How powerful are nondeterministic constant-depth circuits?

Question

A nondeterministic circuit is a Boolean circuit that has nondeterministic input wires. In other words, a nondeterministic circuit $C$ computing a Boolean function $f\colon\{0,1\}^{n}\rightarrow \{0,1\}$ on input string $x\in \{0,1\}^{n}$ outputs $1$ if and only if there exists some witness string $w\in \{0,1\}^{\mbox{poly}(n)}$ such that the output of $C$ on input $(x,w)$ is $1$.

M.J. Wolf introduced nondeterministic circuits in 1987 and showed that $\mathsf{NC}$ circuits with a polynomial amount of nondeterministic gates are equivalent to $\mathsf{NP}$, and that $\mathsf{NC}$ circuits with $O(\log n)$ nondeterministic gates are equivalent to $\mathsf{NC}$ itself.

How much more power does a polynomial amount of nondeterministic add to constant-depth circuit classes, such as $\mathsf{AC}^{0}$, $\mathsf{ACC}^{0}$, and $\mathsf{TC}^{0}$? Do these classes then contain more powerful circuit classes like $\mathsf{NC}$ or $\mathsf{P/poly}$, or even $\mathsf{NP}$?

Answer 1

A polynomial amount of nondeterministic bits is enough to encode the computation of a nondeterministic polynomial time algorithm.
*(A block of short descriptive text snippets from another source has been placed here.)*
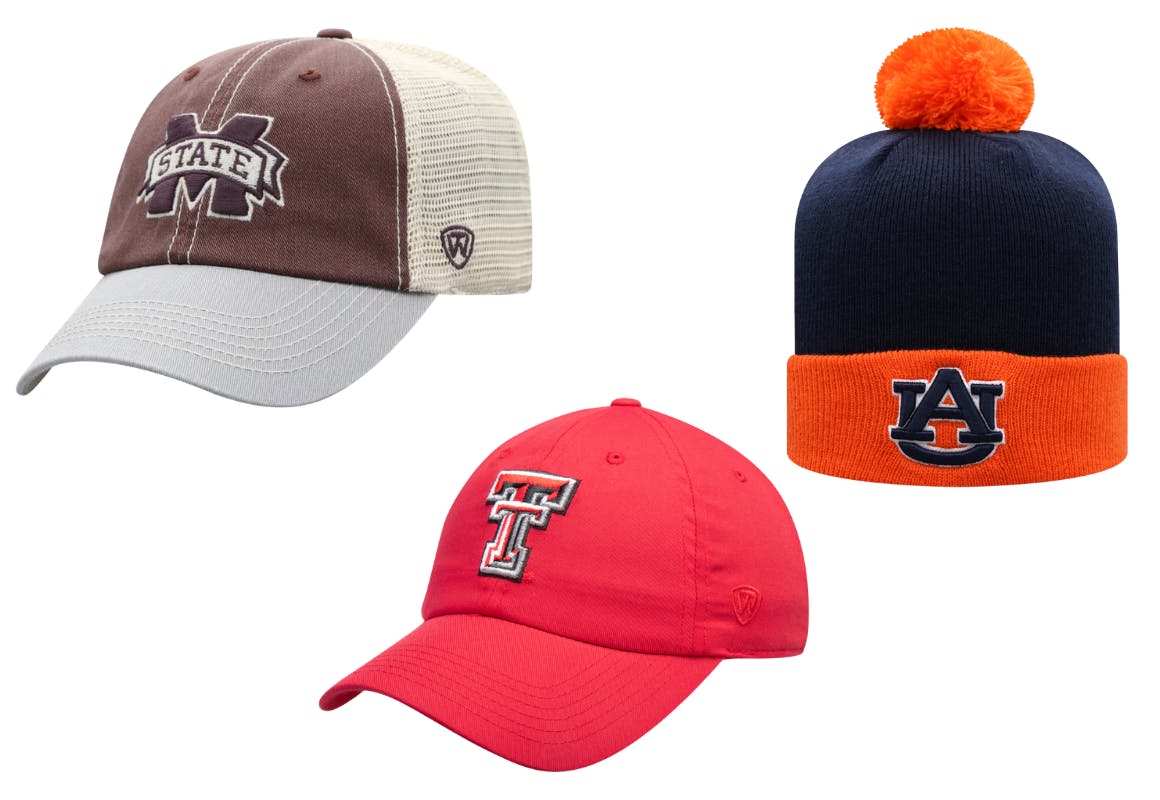 Men's NCAA Hat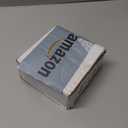 2 Pack Intieror Gold Door Knob Set with Spindle, Old Style Door Knobs Replacement Set for Mortise Lock Interior Doors, Polished Brass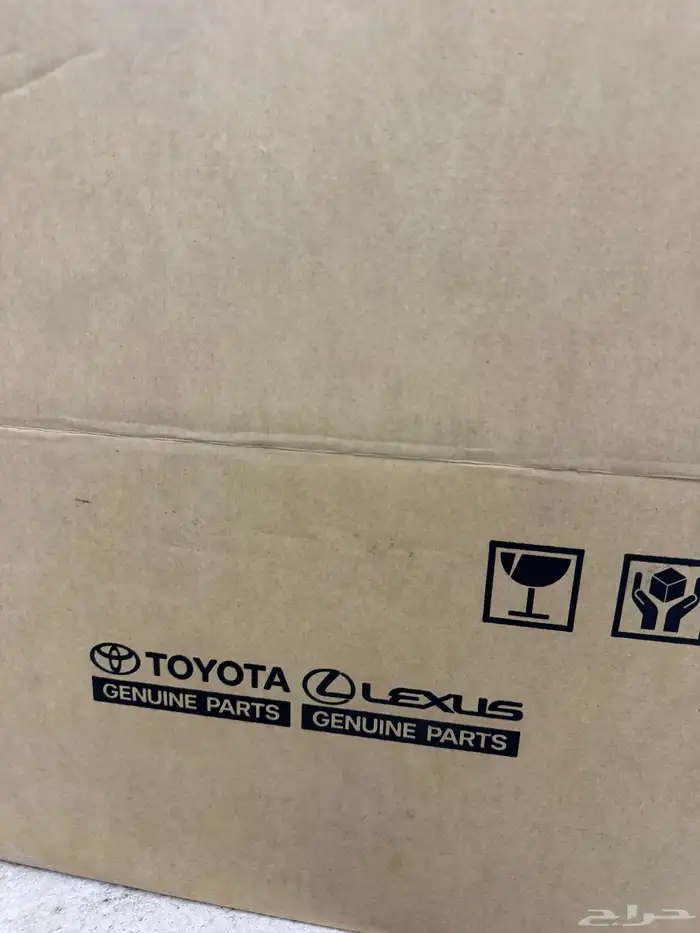 اسطبات هايلوكس اصلي 3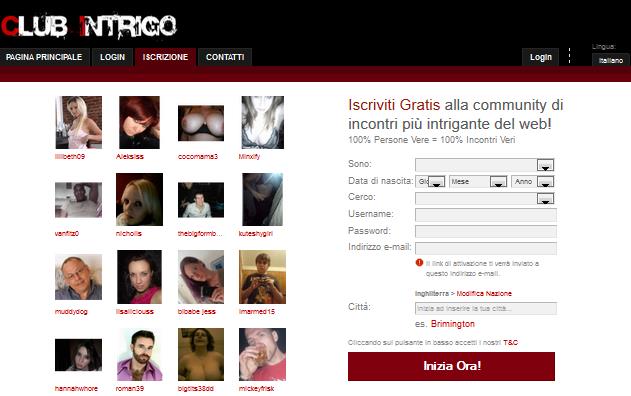 sesso sicuri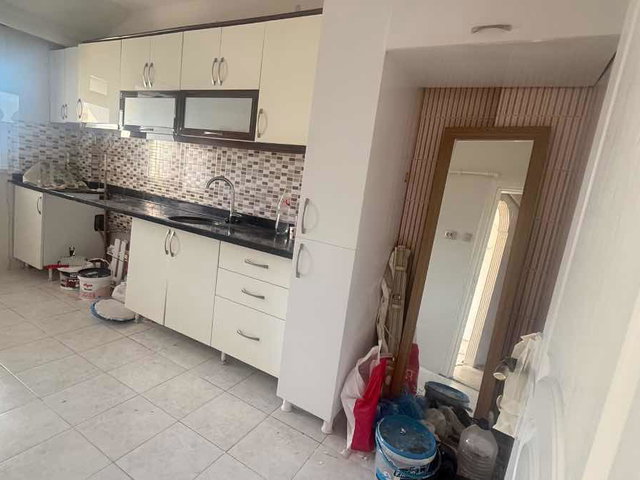 SOĞANLI’DA GÜNEY CEPHELİ 2+1 |BALKONLU, BOŞ  DAİRE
The only thing we need is to check if a given string is an accepting computation which is syntactic task that can be performed by a polynomial-size $\mathsf{AC^0}$ circuit (in fact a polynomial size CNF can do this).

Another way to look at this is to consider the Tseitin translation from arbitrary circuits to CNFs which has a polynomial size increase and uses only polynomially many new propositional variables.

If you look at the $\mathsf{NP}$-compeleteness proof of CNF-SAT (or 3SAT) you see that the part that checks if a given CNF is satisfied by a given truth assignment can be computed by an $\mathsf{AC^0}$ circuit (IIRC $\mathsf{AC^0_d}$ circuits can be evaluated by an $\mathsf{AC^0_{d+1}}$ circuit).